UK manufacturing in the news this week: Pottery industry sees a revival, steelworks close causing concern, job losses on the rise for the first time in two years…
England’s pottery trade is on the up and the industry is due to get some media attention with the launch of a new BBC TV programme called ‘The Great British Pottery Throw Down”.
More than 150 years after the heyday of the British ceramics industry, things are looking more positive than for some time. Potteries capital Stoke-on-Trent, in Staffordshire, England, is currently hosting the fourth British Biennial Ceramics festival, an eight-week exhibition and international showcase. And the BBC is shortly to air The Great British Pottery Throw Down, a sort of Bake Off with clay filmed at Stoke’s Middleport pottery factory (which recently received a £9m restoration).
Behind these public events, Stoke’s old industrial district is looking much healthier than it did a decade ago, when it appeared in danger of collapsing altogether. Ceramics in Stoke and the surrounding Staffordshire area includes everything from dinner sets and vases to bricks and industrial tiles for roofs. Most of the revival has been in table and giftware, where exports have risen by 36% between 2009 and 2014, and with another strong performance recorded in the first six months of this year, they are set to rise again.
British manufacturing crisis: Redcar collapse comes as sector sees slump in confidence with thousands more jobs at risk
This is Money
The closure of a steelworks in the North of England has caused concern among manufacturers and many who fear that it is a sign that the UK manufacturing is once more in decline.
The collapse of one of the UK’s most important steelworks comes amid a slump in confidence among Britain’s manufacturers, according to industry experts.
The closure of the Redcar works and a string of profit warnings at aerospace giant Rolls-Royce have highlighted the crisis facing manufacturers, large and small.

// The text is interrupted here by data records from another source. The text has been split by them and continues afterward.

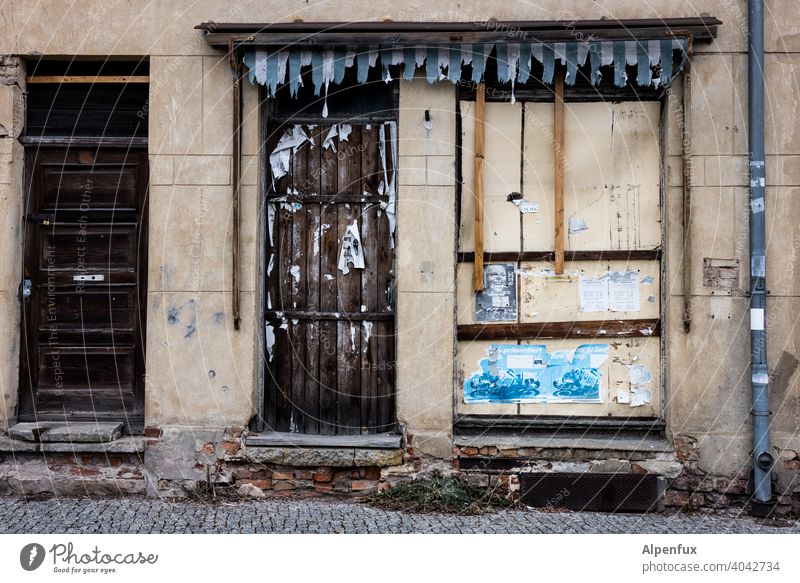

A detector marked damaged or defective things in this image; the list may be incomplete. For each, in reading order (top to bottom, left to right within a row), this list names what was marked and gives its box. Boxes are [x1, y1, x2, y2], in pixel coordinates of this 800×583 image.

tattered awning [197, 18, 720, 96]
torn poster scrap [270, 125, 310, 182]
torn paper on door [270, 125, 310, 182]
torn poster scrap [336, 220, 364, 274]
torn paper on door [336, 220, 364, 274]
torn poster scrap [476, 264, 520, 324]
torn poster scrap [580, 270, 640, 312]
torn poster scrap [462, 344, 608, 404]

The strong pound and weak demand from overseas has hit export orders while the collapse in the price of crude has hurt the North Sea oil and gas industry.
More bad news as the Guardian reports on job losses within the manufacturing sector:
The performance at UK factories was lacklustre in September, when growth slipped to a three-month low. Against the backdrop of warnings about the uncertain outlook for global growth, eurozone manufacturing also lost momentum and output from Chinese factories continued to fall.
For the UK, the first snapshot of manufacturing performance in September continued a downbeat trend. The key measure of factory activity slipped back to within a whisker of June’s two-month low, according to the Markit/CIPS manufacturing PMI report.